Il revenait à l’ADEMA et à la 3ème République de mettre en œuvre ce calendrier et de relever ainsi un des plus grands défis auxquels la jeune démocratie malienne était confrontée.
La mise en œuvre du Pacte, qui était suffisamment difficile même sur le plan financier car, il exigeait pas moins de 200 milliards FCFA pour atteindre ses objectifs, a été rendue encore plus compliquée par la création du Mouvement Patriotique Ganda Koy par les sédentaires du Nord. Ce mouvement entendait s’opposer à la rébellion au Nord par les armes en revendiquant une sorte de légitimité sur le terrain. Il a fallu l’engagement personnel du Président de la République, Alpha Oumar Konaré, du Premier Ministre, président du parti, Ibrahim Boubacar Keita, du président de l’Assemblée Nationale, le Pr. Aly Nouhoum Diallo, qui ont mené des actions de sensibilisation tant à l’intérieur qu’en Afrique et en Europe pour parvenir à obtenir la fin des hostilités, lors de la réunion historique de Tombouctou tenue du 15 au 18 juillet 1995.
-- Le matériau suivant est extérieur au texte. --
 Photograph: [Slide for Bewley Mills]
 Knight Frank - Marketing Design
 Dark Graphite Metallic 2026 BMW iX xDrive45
Trois ans après la signature du Pacte National, la paix n’était toujours pas revenue dans le Nord du Mali, de façon définitive. Place donc, après Tombouctou en 1995, à la réconciliation et aux actions de développement sur toute l’étendue du territoire. L’intégration des rebelles dans l’administration, et surtout dans les forces armées et de sécurité, a été un moment fort dans le processus de réconciliation des cœurs et des esprits et surtout dans celui de la cohésion nationale. Il a été procédé à l’intégration des éléments des ex MFUA, ainsi qu’il suit: Corps civils de la Fonction Publique : 120 répartis comme suit: Catégorie A : 52 Catégorie Blet B2 : 40, Catégorie C : 28
Corps paramilitaires de la Fonction Publique: 150 répartis comme suit: Catégorie A : 16 Catégorie Blet B2 : 40 Catégorie C : 90
Conventionnaires: 30
Soit un Total de 300 agents en 1996 intégrés.
Le retour volontaire des réfugiés organisé avec ardeur, a contribué à consolider la paix dans le septentrion malien. Seul un pouvoir démocratique pouvait réussir à ramener la paix au Nord. La Transition et la 3èmeRépublique ont réussi à relever le défi de la paix au Nord, en cultivant le dialogue, la concertation dans un cadre démocratique. Il faut s’en féliciter et poursuivre l’œuvre de consolidation de cette paix. L’organisation de la Flamme de la paix à Tombouctou, pour conforter la paix retrouvée, le premier et le plus grand défi des débuts de la 3ème République aura été la résolution du problème du Nord. Ce que beaucoup d’analyses présentaient comme un irrédentisme nomade a trouvé une solution démocratique concertée pour que soit préservé et conforté « le Mali un mais pluriel ».